(Data for this exercise):

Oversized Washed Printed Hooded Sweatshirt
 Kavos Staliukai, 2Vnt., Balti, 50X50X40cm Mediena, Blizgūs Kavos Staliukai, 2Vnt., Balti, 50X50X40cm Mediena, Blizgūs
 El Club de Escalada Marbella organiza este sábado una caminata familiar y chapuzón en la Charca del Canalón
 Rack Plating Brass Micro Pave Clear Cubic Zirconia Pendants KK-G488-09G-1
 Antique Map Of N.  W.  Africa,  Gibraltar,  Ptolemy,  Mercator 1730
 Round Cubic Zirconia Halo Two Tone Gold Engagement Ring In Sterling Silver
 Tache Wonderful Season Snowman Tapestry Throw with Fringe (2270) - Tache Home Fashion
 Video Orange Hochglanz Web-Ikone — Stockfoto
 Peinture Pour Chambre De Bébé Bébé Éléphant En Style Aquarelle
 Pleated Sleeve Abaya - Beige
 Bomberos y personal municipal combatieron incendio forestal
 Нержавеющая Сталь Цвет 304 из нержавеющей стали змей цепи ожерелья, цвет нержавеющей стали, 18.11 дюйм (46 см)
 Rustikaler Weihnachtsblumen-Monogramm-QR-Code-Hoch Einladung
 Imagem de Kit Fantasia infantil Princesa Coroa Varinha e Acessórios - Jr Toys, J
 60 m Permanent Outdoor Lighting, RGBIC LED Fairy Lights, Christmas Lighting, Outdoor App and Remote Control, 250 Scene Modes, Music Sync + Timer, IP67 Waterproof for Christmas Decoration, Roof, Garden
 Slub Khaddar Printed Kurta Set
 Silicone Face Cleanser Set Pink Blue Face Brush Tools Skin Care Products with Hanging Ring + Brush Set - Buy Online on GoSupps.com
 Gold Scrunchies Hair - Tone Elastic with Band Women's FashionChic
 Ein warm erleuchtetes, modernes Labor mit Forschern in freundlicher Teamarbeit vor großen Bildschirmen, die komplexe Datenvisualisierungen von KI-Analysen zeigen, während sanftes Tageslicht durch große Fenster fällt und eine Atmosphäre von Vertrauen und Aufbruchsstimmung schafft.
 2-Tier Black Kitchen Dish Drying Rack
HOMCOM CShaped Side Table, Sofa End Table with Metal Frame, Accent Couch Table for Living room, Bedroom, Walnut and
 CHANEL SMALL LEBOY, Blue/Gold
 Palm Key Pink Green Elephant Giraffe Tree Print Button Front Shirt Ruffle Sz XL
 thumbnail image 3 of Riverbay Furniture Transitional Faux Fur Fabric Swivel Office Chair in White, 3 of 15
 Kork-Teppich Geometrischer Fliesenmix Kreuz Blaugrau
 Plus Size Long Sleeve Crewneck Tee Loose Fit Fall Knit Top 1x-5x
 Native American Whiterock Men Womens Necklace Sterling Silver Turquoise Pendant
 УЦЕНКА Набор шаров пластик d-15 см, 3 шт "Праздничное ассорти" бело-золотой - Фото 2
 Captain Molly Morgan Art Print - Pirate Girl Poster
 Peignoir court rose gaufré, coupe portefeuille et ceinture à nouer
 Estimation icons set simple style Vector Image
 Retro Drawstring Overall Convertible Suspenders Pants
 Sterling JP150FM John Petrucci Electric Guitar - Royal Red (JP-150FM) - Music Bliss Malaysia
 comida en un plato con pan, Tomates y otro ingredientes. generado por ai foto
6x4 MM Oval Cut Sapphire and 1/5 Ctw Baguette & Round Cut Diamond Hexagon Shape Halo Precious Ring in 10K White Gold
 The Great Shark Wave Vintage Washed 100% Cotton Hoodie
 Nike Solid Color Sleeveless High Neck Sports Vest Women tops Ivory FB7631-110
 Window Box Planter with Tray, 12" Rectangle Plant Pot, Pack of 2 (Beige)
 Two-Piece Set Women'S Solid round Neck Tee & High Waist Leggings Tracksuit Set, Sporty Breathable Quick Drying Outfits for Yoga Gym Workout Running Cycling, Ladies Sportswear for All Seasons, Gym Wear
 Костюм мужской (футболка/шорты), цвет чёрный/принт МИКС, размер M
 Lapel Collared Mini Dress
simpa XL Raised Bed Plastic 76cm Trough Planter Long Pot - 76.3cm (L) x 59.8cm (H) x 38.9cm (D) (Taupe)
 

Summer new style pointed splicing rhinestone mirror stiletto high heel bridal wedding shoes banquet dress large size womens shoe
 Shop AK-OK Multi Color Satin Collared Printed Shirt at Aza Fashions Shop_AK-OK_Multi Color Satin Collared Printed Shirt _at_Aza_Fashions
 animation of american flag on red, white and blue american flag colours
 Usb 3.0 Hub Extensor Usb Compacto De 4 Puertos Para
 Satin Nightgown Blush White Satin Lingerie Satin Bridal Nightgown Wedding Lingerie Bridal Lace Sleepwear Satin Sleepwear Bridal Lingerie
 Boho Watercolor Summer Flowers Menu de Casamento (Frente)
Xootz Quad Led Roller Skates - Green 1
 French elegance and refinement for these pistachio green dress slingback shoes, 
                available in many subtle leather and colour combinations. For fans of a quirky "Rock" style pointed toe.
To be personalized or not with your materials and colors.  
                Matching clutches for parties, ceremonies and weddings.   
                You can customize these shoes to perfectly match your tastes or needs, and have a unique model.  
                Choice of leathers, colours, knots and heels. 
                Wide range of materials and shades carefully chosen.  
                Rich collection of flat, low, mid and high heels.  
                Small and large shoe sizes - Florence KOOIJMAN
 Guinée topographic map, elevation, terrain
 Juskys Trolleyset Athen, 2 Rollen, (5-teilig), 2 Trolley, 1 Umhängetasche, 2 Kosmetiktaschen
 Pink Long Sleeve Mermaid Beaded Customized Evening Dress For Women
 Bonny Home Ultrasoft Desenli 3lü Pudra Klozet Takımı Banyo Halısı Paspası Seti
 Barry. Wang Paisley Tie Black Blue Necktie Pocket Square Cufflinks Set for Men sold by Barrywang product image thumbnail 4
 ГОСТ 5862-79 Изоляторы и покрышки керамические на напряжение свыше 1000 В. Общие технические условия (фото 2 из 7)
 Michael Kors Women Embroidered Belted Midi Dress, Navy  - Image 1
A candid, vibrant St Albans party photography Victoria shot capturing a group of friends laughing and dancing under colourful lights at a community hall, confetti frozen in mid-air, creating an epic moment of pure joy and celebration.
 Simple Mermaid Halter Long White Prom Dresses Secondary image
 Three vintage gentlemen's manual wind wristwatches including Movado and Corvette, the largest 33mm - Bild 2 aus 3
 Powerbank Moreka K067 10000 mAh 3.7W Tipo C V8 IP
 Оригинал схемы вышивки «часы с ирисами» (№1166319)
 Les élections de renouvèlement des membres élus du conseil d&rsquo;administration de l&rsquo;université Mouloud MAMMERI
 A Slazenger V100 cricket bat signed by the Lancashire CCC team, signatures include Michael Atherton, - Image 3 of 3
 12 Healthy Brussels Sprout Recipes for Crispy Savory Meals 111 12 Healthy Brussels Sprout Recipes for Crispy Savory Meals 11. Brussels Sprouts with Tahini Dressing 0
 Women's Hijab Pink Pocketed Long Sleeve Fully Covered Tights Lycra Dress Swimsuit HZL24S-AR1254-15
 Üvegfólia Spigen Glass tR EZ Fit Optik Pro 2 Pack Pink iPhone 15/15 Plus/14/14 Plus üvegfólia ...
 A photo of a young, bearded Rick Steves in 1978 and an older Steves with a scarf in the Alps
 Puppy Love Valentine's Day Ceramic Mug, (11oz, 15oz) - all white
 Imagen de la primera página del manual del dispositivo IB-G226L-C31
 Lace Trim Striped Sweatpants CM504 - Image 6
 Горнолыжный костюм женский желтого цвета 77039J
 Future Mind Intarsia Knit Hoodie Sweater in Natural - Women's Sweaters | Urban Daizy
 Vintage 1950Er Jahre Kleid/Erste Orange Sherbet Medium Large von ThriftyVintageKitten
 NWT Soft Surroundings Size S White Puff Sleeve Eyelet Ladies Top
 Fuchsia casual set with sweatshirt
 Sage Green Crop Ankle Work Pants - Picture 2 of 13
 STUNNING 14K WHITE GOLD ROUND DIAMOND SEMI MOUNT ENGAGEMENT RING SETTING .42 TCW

(Task instructions): Given the data above, transcribe exactly the lines from the one containing "El Club de Escalada" down to the one containing "Antique Map Of", and no others.

(Task response):
 El Club de Escalada Marbella organiza este sábado una caminata familiar y chapuzón en la Charca del Canalón
 Rack Plating Brass Micro Pave Clear Cubic Zirconia Pendants KK-G488-09G-1
 Antique Map Of N.  W.  Africa,  Gibraltar,  Ptolemy,  Mercator 1730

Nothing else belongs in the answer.